Eu faço home office e nossos filhos ficam na escolinha o dia inteiro. Minha cunhada viria de ônibus para nossa cidade e pegaria um Uber até nossa casa. Eis que minha cunhada diz à minha esposa que chegará na parte da manhã pois queria evitar horários onde o ônibus estaria muito lotado. Até aí, tudo normal, já que não era incomum minha cunhada ou meus sogros ficarem aqui em casa enquanto minha esposa não está. Mas o que minha esposa não sabia é que minha cunhada estava com outras intenções…e eu também!
Quando minha cunhada chegou, mantivemos o “personagem”. Não falamos nada sobre o assunto, eu voltei para o escritório e continuei trabalhando. 30min depois ouço minha cunhada me chamando na sala e vou lá ver o que é. A partir daqui as coisas escalaram rapidamente.

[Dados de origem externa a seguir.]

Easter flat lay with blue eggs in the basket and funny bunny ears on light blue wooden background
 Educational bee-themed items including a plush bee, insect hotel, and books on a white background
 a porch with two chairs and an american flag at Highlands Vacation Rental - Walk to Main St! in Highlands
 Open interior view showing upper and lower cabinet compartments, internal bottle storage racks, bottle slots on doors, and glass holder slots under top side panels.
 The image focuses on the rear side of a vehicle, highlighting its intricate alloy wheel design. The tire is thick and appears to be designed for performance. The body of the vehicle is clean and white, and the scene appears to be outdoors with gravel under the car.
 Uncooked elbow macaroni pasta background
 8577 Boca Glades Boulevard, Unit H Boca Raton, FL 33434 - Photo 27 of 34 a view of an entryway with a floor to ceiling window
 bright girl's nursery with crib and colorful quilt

Cheguei na sala e minha cunhada estava de quatro no sofá, pelada, olhando pra trás e sorrindo. Eu fiquei admirando a cena alguns segundos e ela me disse:
– Hoje não posso deixar minha calcinha com você….então vem aqui que vou deixar o cheiro na sua cara.
Sem perder tempo, me ajoelhei na beira do sofá e comecei a chupar sua buceta. Ela estava de quatro, então eu chupava sua buceta enquanto minha cara também se esfregava em seu rabo delicioso. Uma bunda grande, farta, durinha e macia ao mesmo tempo, com cheiro de bunda, nada muito forte nem desagradável, pelo contrário: o cheirinho de suor que as partes íntimas adquirem e que é uma delícia. O verdadeiro cheiro da pessoa.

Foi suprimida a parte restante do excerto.